James Shield's Sheffield United Column: The most important audiences to impress as the great managerial show continues
Sheffield United’s managerial auditions are being performed in front of two different audiences.
And in order to arrive at the right decision they must assess the reactions of both to the prospect of either watching or working under every single one of the names on what is now, after club officials finally reached out to Slavisa Jokanovic, a six man shortlist also thought to include Oostende’s Alexander Blessin, Philippe Clement of Club Brugge, maybe Lincoln City’s Michael Appleton and Scott Parker at Fulham but definitely Paul Heckingbottom; the guy currently in caretaker charge.
For a host of reasons, not least the fact they have been forced to watch from afar as United spiralled towards relegation from the Premier League this term, whoever replaces Chris Wilder must help reconnect the club with its support base. Succeeding someone who twice delivered promotion and then a ninth placed top-flight finish during what was a remarkable five year reign will be tough enough with the backing of the fans. Even tougher without, given the standards they will be expected to adhere to.
True, the fans are and always will be the most important people at United. As we’ve seen in recent weeks, as some of their counterparts across the country protested against the proposed creation of a European Super League, they can also be the most influential.
But in this instance, I’d respectfully suggest the most important figures to consider are those inside the dressing room.
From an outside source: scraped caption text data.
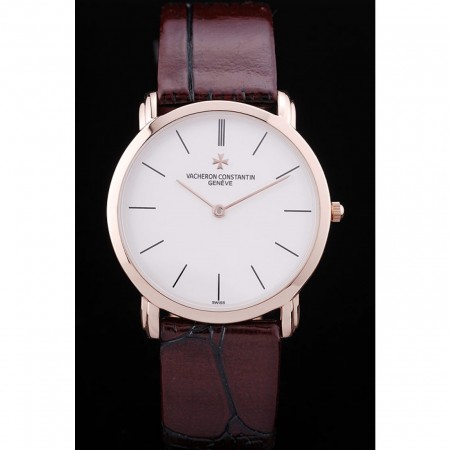 Vacheron Constantin Patrimony quadrante bianco cassa in oro rosa ricco bracciale in pelle marrone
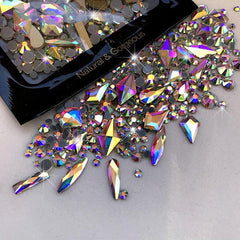 150 Flatback Round Rhinestones + 20 Large Zircon Nail Rhinestones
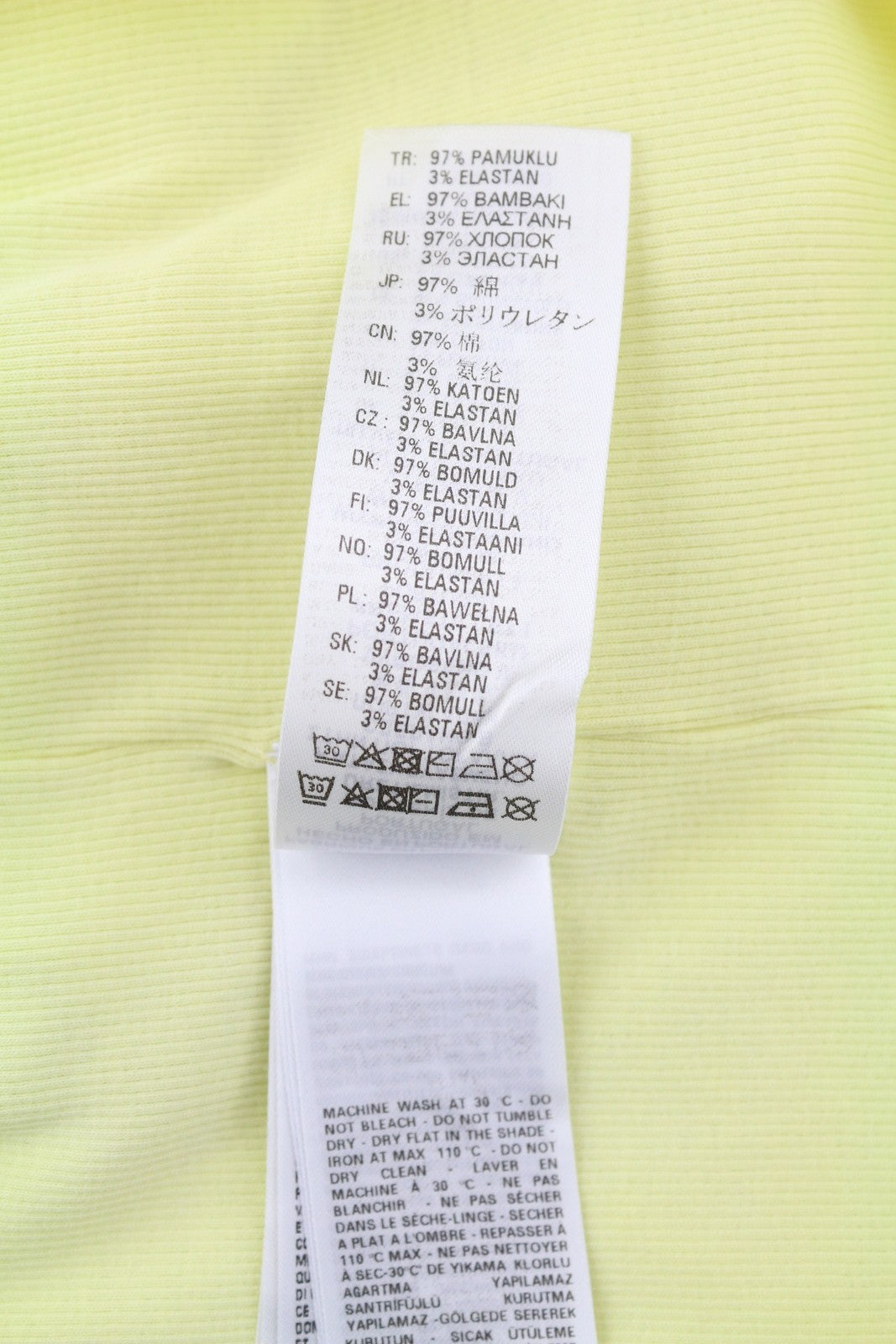 DIESEL T-Ribby-Open Women T-Shirt M Yellow Cardigan Button Cropped Ribbed Logo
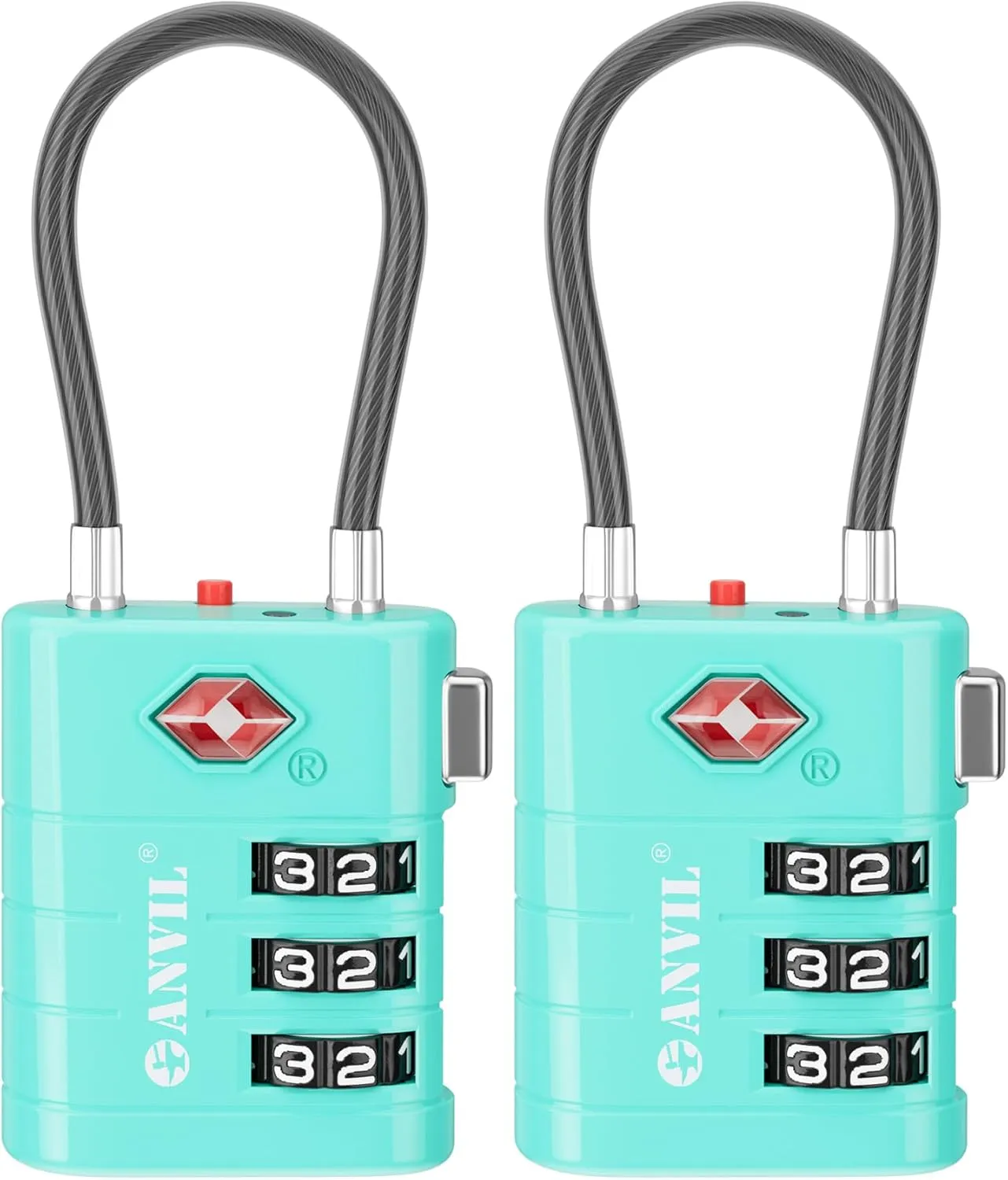 ANVIL TSA Luggage Locks With Advanced TSA008 Core and Alert Indicator - Suitcase, Backpack, Gym, Travel Lock for Daily Use (2, Cyan)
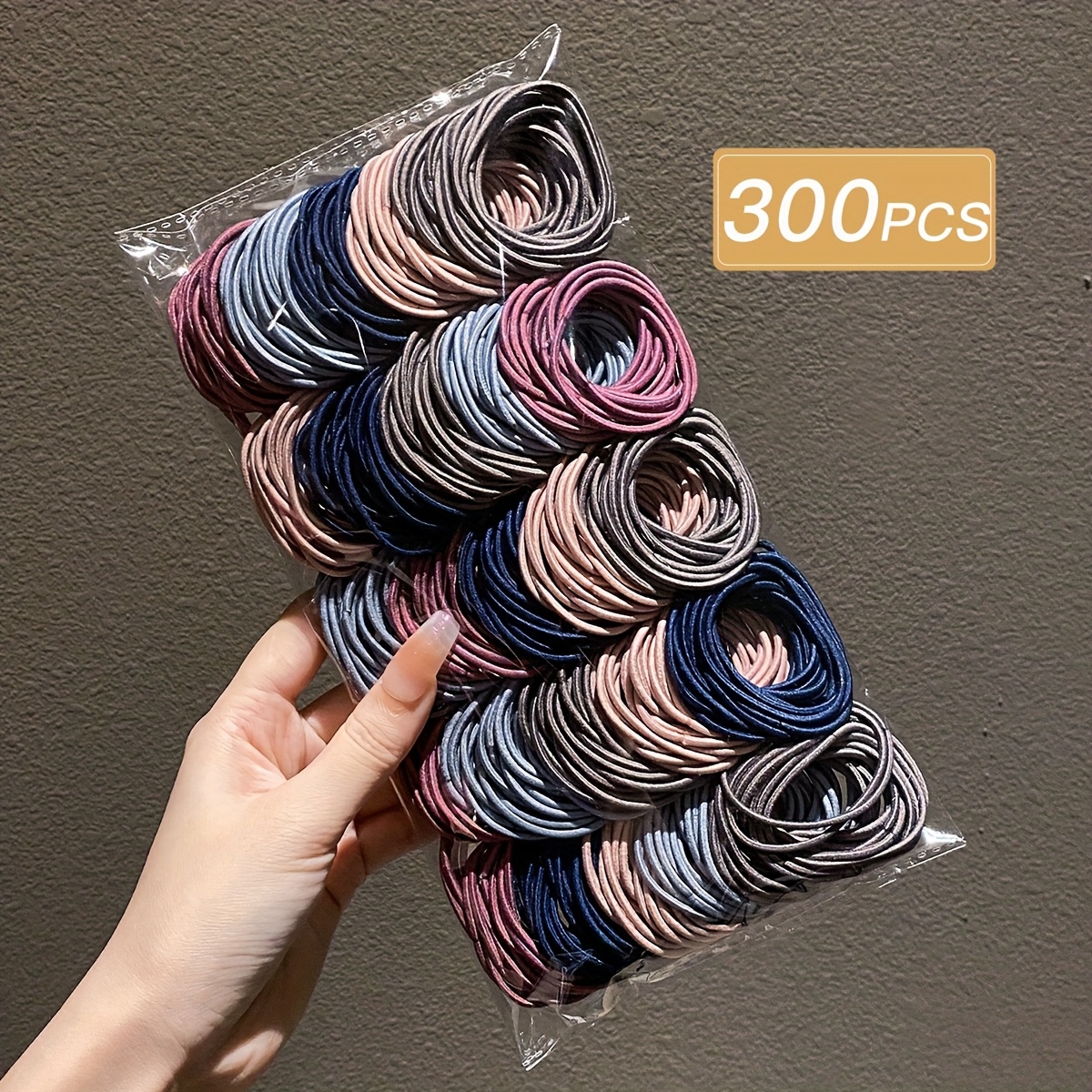 TEMU 300pcs Women's Colorful, Fashionable And Simple High- Hair Ties, Suitable For Daily Use And Gift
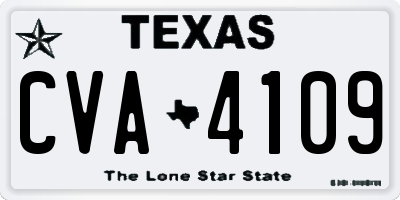 TX license plate CVA4109
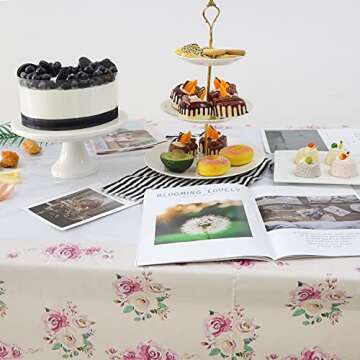Pandecor Vintage Tea Party Floral Tablecloth,1 Piece 54" x 86" Plastic Disposable Table Cover for Baby Shower Birthday Bridal Shower Tea Party (1)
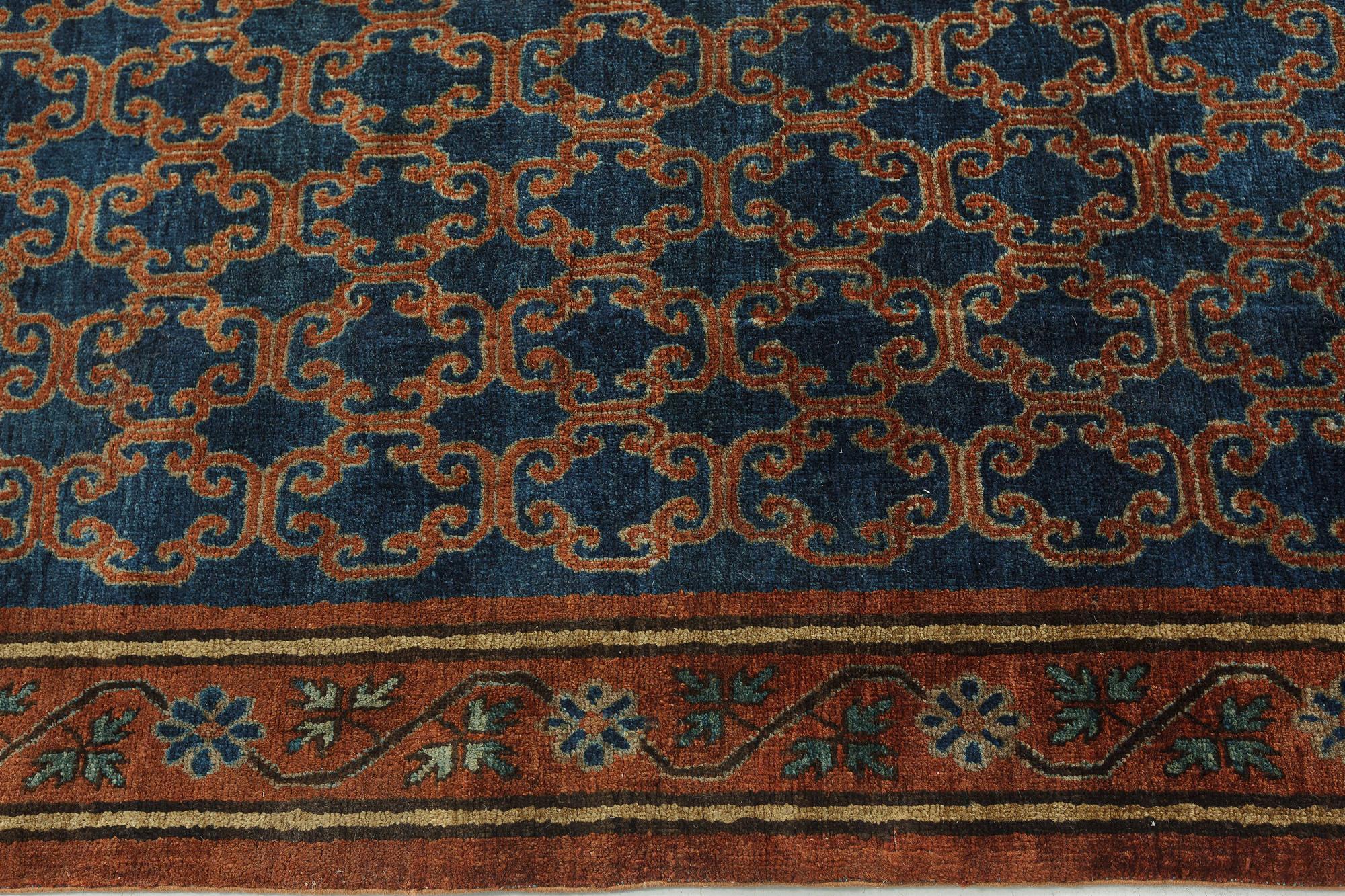 20th Century Large Vintage Samarkand Geometric Size Adjusted Rug For Sale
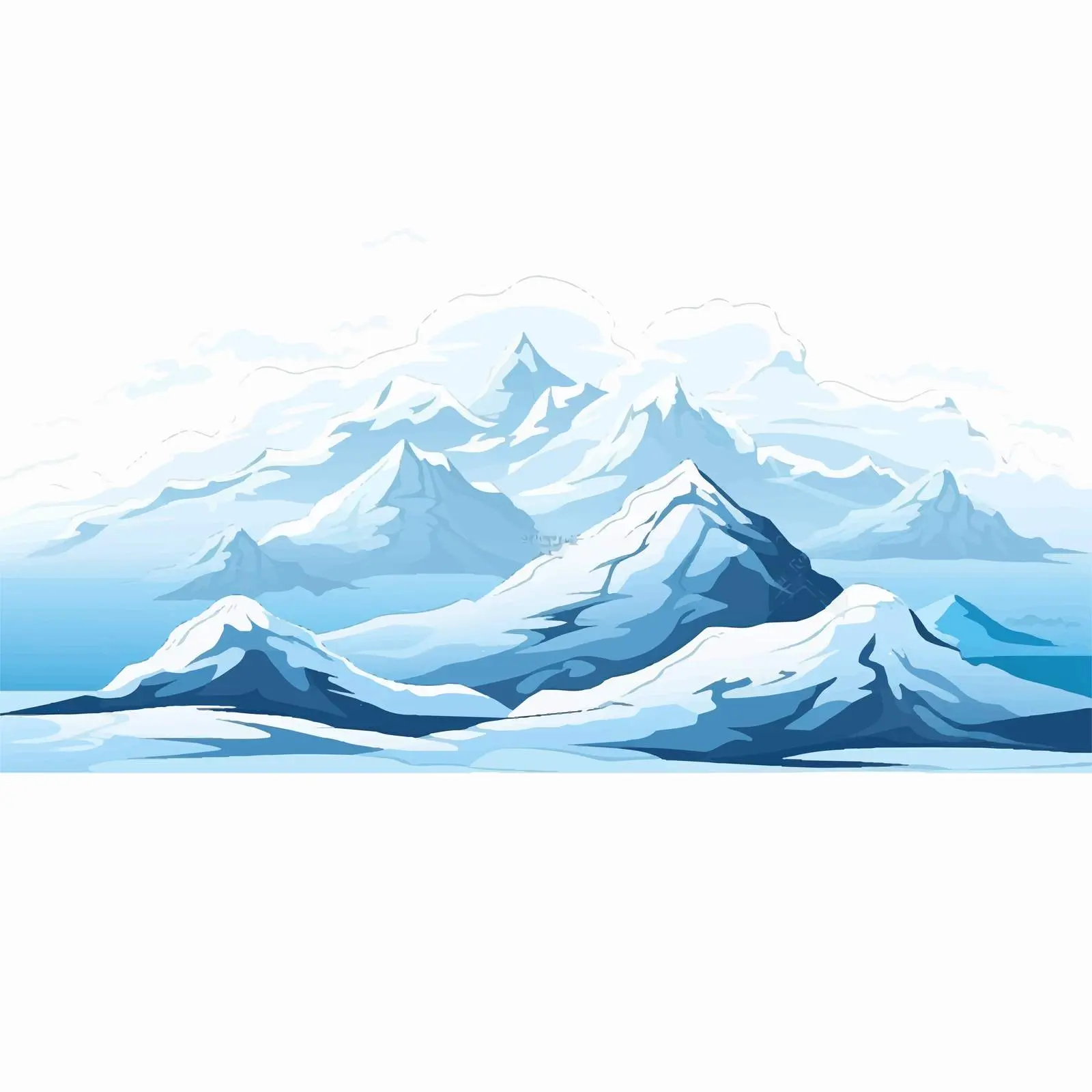 Snow Line Vector Illustration on White Background — free download from Dotvec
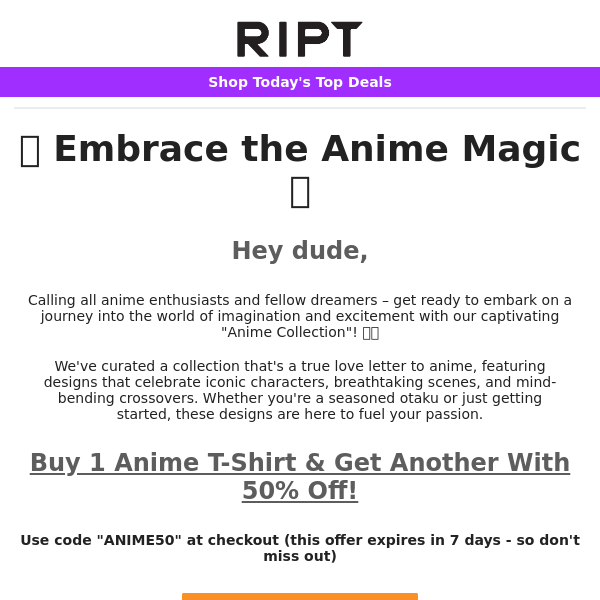 [50% OFF Anime] 🌟 Embrace the Anime Magic 🔥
Already consigned to the drop and having been beaten into psychological submission over the past few months, United’s squad clearly in desperate need of a pick-me-up. With several of its members likely to be lured away this summer, the next commander-in-chief must have the presence, the CV and the sheer force of personality required to convince others who might waver than it is worth sticking around for another 12 months at least. It is for precisely this reason that many folk feel Jokanovic, who led Watford and Fulham out of the Championship before joining Qatari outfit Al-Gharafa, is the outstanding candidate. (That is not to say the others don’t also have their own special qualities).
At such a critical stage of United’s development, their new gaffer or head coach, depending upon which route they decide to go down, must immediately command the respect and the attention of a group which, despite being desperately short of confidence, was effectively constructed in Wilder’s own combative image. Footballers question. They are critical and essentially - given you have to be to turn professional in the first place - pretty selfish individuals, who will quickly lose interest in listening to someone they suspect isn’t up to the job.
Speaking of that, and having seen plenty on social media suggesting Heckingbottom falls into that category, I find it hard to fathom the tone of some of the criticism being directed towards Heckingbottom right now. I say ‘the tone’ because even he will accept results and performances have, by and large, been disappointing on his watch. But he didn’t covet the post, was dealt a pretty crappy hand when he stepped into the breach two months ago and has been instrumental in developing some of the exciting young talents now filtering through to senior level. For that and that alone, he deserves respect.